If you run a local business that is growing, there’s a good chance that, at some point, you’re going to have to invest in new vehicles or equipment. When you do, you will have two major options: leasing them or buying them.
Each of these options has pros and cons, so let’s take a closer look at what they are so that you can make an informed decision.
Leasing equipment and vehicles is an attractive option for many small local businesses because it’s often quicker and cheaper to access this kind of financing than it is to finance a major purchase.
Leased equipment often comes with a maintenance plan, which means you can get the equipment fixed and serviced easily and at low or no cost. This is also beneficial for your cash flow because you don’t need to worry about those extra costs.
However, leased vehicles, in particular, usually have an annual limit on how much they can be driven. Once you go over that threshold, you will pay a premium for any additional use age.

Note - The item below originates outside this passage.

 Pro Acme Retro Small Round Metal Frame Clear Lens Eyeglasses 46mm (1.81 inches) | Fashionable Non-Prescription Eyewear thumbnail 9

When it comes to purchasing equipment, there are pros and cons too.
On the one hand, when you own the equipment, you can use it as much as you like without penalties. It’s also tax-deductible, which can reduce your annual tax bill. In fact, many local businesses wait until just before tax season to make capital purchases to maximise their deduction without paying for the purchase all year.

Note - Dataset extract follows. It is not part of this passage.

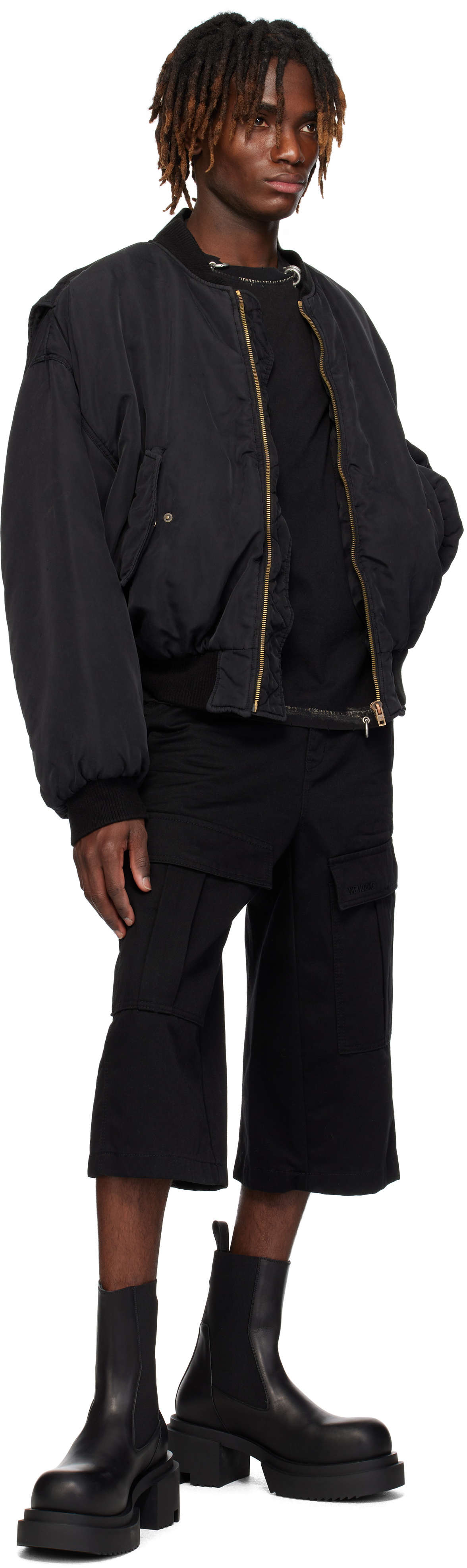 We11done Black Curved Bomber Jacket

However, purchasing equipment or vehicles with traditional finance is usually more expensive, so that you will pay more for the item. You probably won’t have as many warranty or maintenance options built into the deal.

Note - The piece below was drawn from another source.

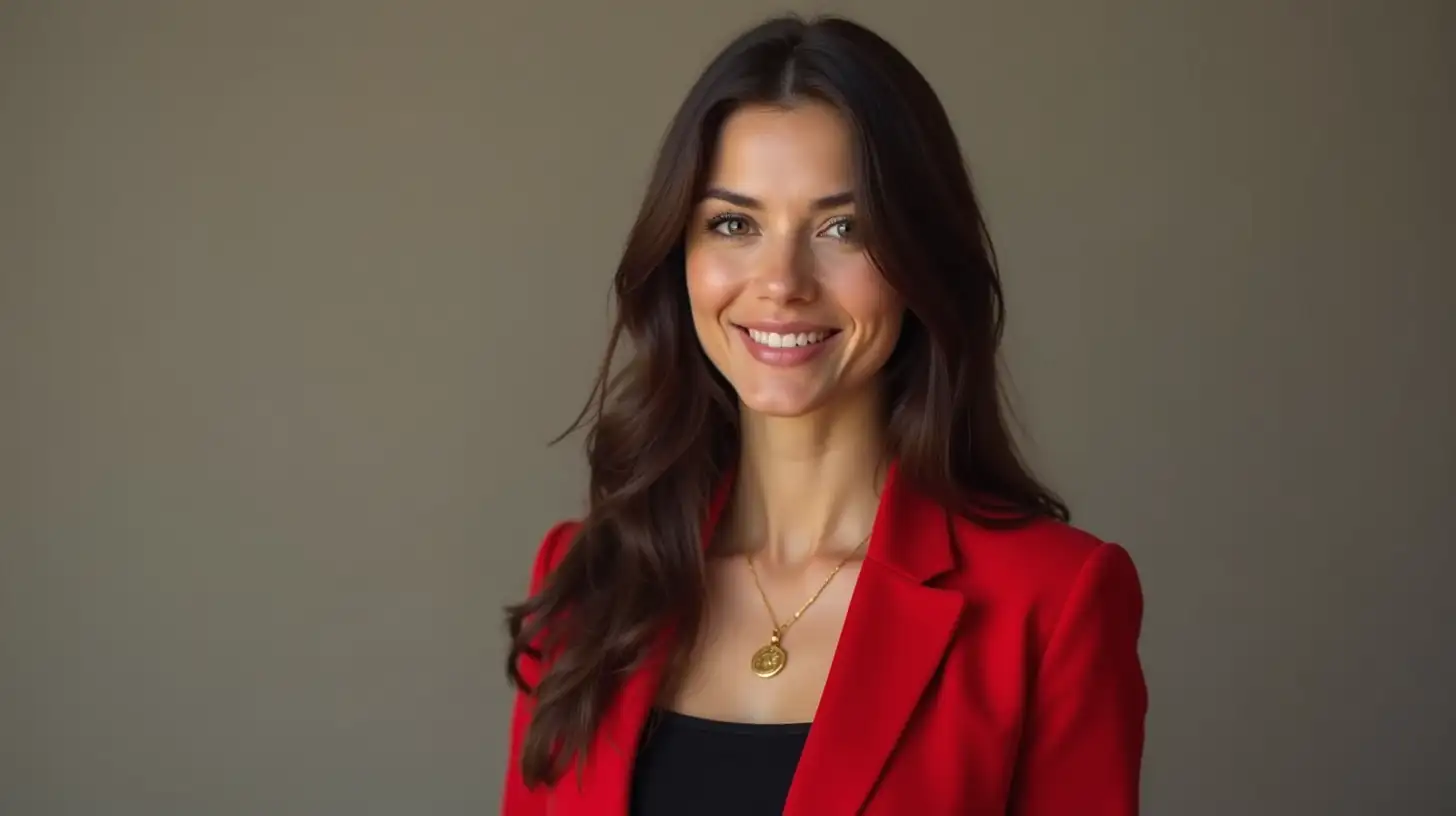 Elegant Businesswoman in Red Blazer with Chocolate Brown Hair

Some people might wonder whether there are insurance benefits to leasing versus purchasing, but this is not significant since insurance rates are based on the value of the item and your risk profile.
You also need to ensure that you cover the cost of your leased or financed equipment in your rates to customers. So if you’re investing in new vehicles or equipment (no matter how they are funded), be sure to review your pricing and make sure it’s still enough to cover those additional costs.
Purchasing or leasing new vehicles or equipment is a big decision and commitment. So make sure when you do it, it’s because there’s a genuine business need for increased capacity or productivity.